━━ MATERIAL TO PROCESS

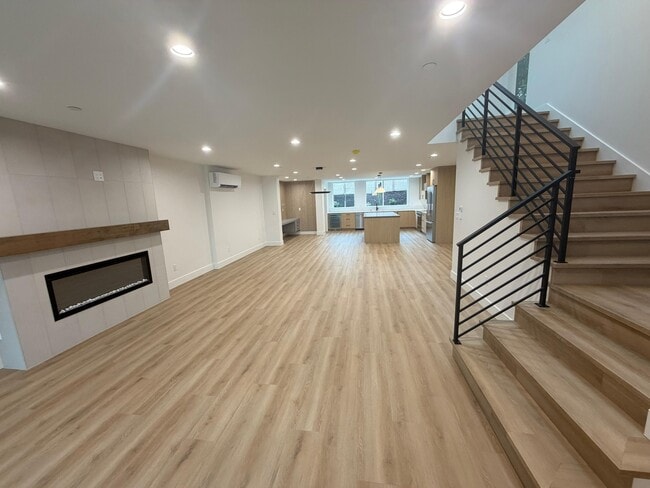 Photo - 1720 Market St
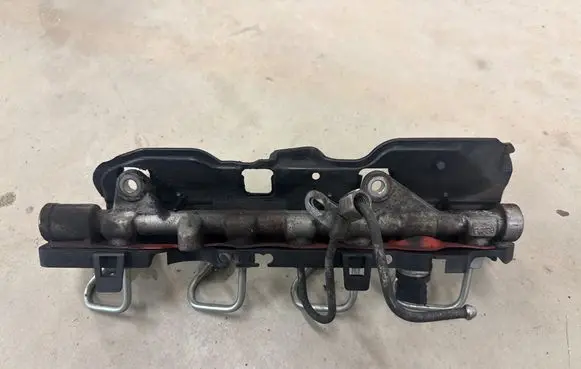 Renault Scenic III - Grand scenic III Fuel distributor 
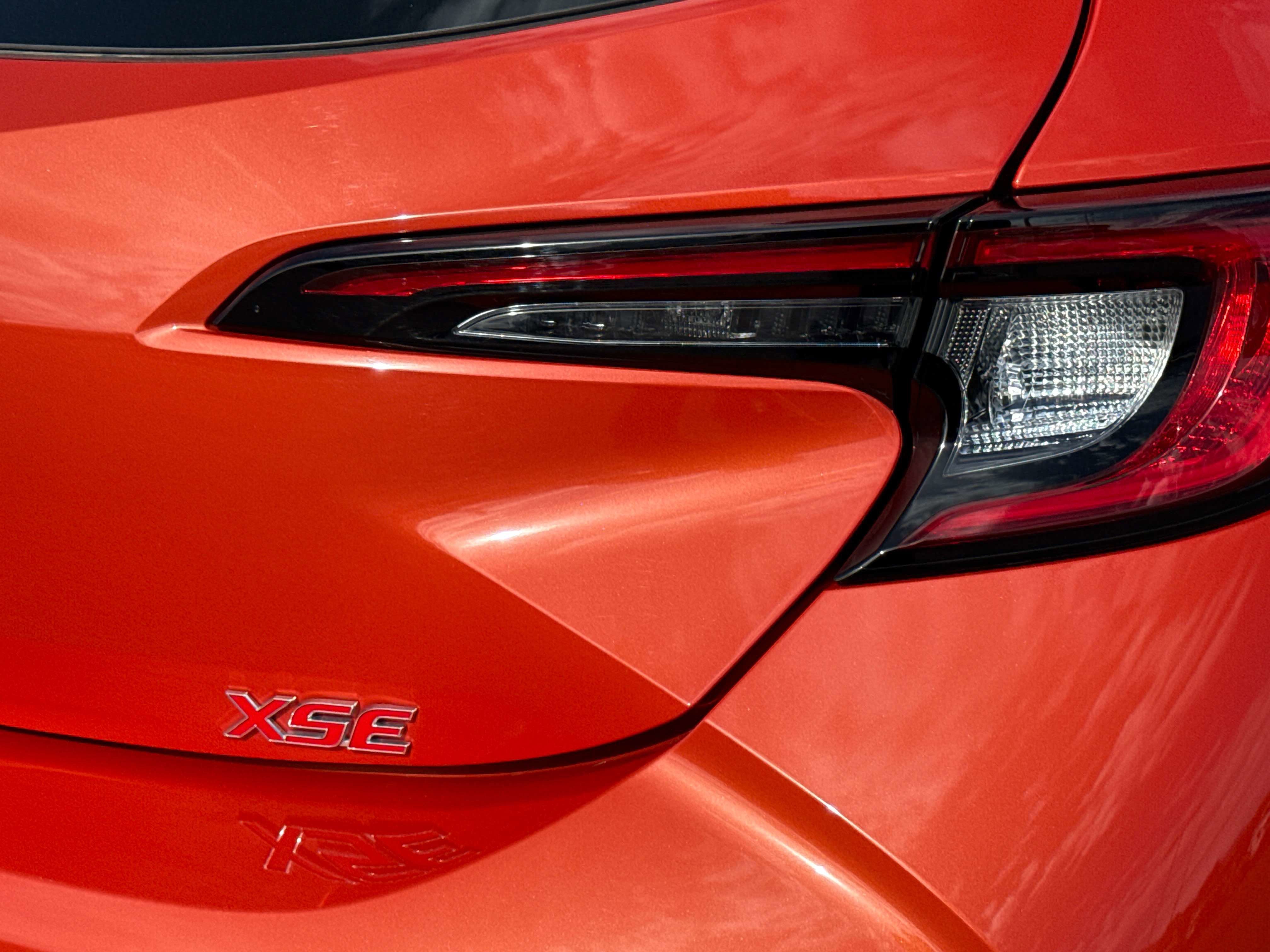 2025 Toyota COROLLA HATCHBACK XSE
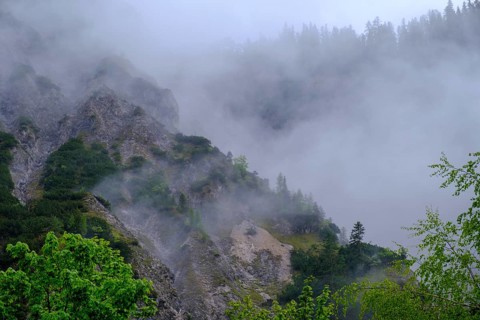 Fog, rain clouds between rocks, Gramai Alm, Karwendel, near Pertisau, Tyrol, Austria
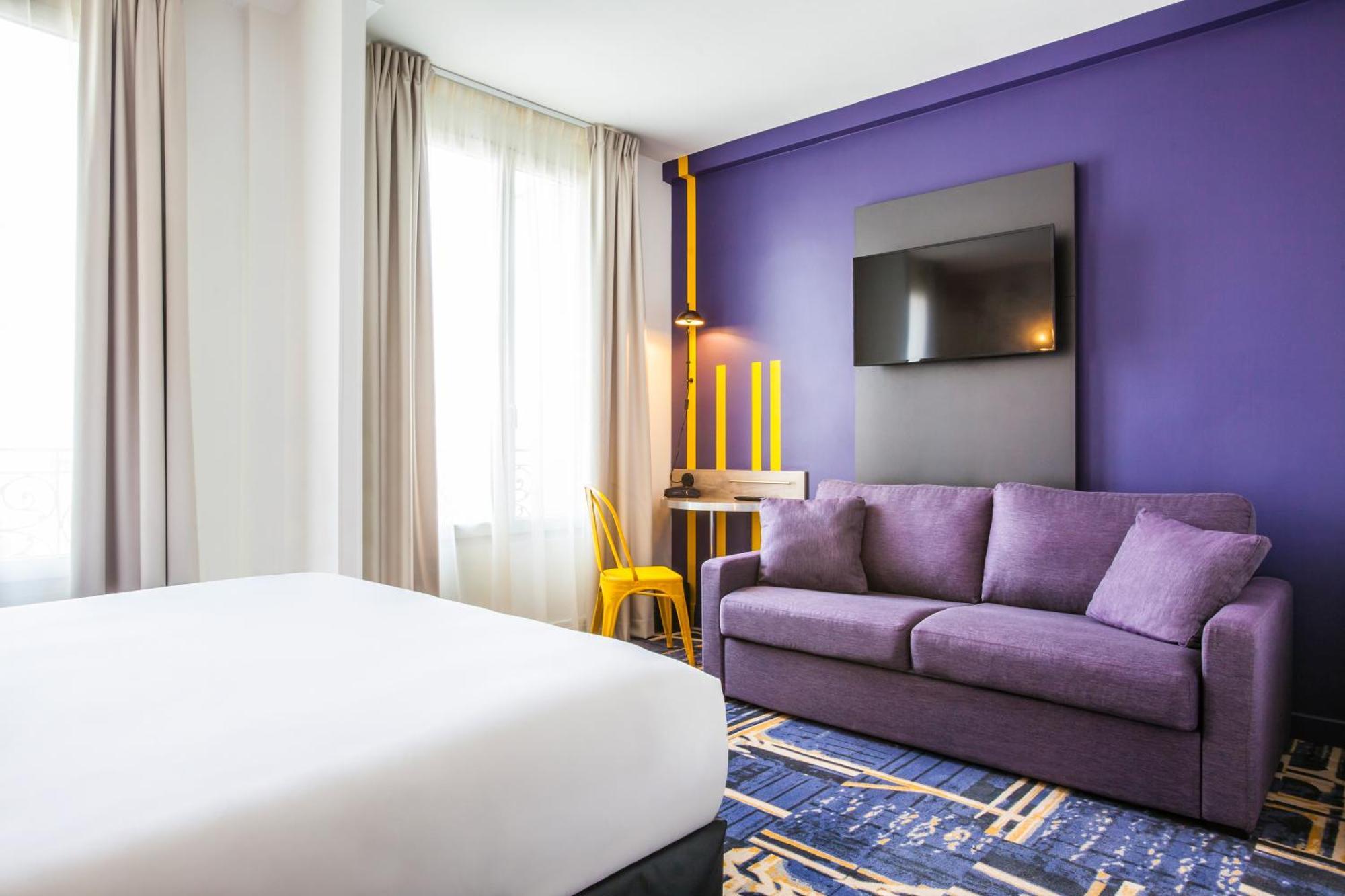 Suite Standard avec 1 Lit Double et 2 Lits Simples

━━━━

GOAL OF THE EXERCISE: The images are to be left out while the entries are written out exactly.

RESULT OF THIS EXERCISE:
 Photo - 1720 Market St
 Renault Scenic III - Grand scenic III Fuel distributor 
 2025 Toyota COROLLA HATCHBACK XSE
 Fog, rain clouds between rocks, Gramai Alm, Karwendel, near Pertisau, Tyrol, Austria
 Suite Standard avec 1 Lit Double et 2 Lits Simples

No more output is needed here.